Christoph Blumhardts Hoffnung auf das Reich Gottes
Vortrag von Albrecht Esche und Dieter Ising am 28. September 2019 um 14:00 Uhr im Ev. Gemeindehaus zu Möttlingen

Am 2. August jährte sich der 100. Todestag von Christoph Blumhardt (1842–1919), der im Kurhaus Bad Boll das Werk seines Vaters, der dort als Seelsorger und Theologe der Hoffnung gewirkt hatte, weiterführte. Die Naherwartung des Reiches Gottes bestimmte Christophs Leben.

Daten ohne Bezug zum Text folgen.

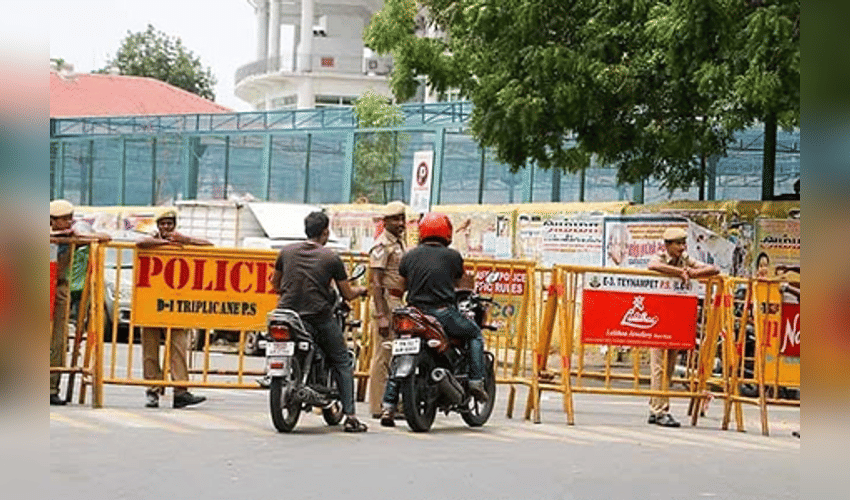 Delhi Traffic Police announce curbs on roads for BRICS Summit rehearsal tomorrow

Dass dessen Gerechtigkeit schon heute weltweit und in universaler Weise wirksam werde und Menschen motiviere, dafür betete und predigte er.

Enttäuscht von seiner Landeskirche und ihrem verbürgerlichten Christentum, wandte er sich 1899 der Sozialdemokratie zu. Diese kämpfte für eine soziale Gerechtigkeit und Solidarität mit den Arbeitern, die sich nicht auf Almosen beschränkte, sondern Kapitalismuskritik übte und die politische Machtfrage stellte. Blumhardt erkannte hier seine eigenen Ziele und trat in die SPD ein. Das gesellschaftspolitische Engagement hinderte ihn nicht daran, weiter als Seelsorger und Beter für die Not einzelner Menschen da zu sein.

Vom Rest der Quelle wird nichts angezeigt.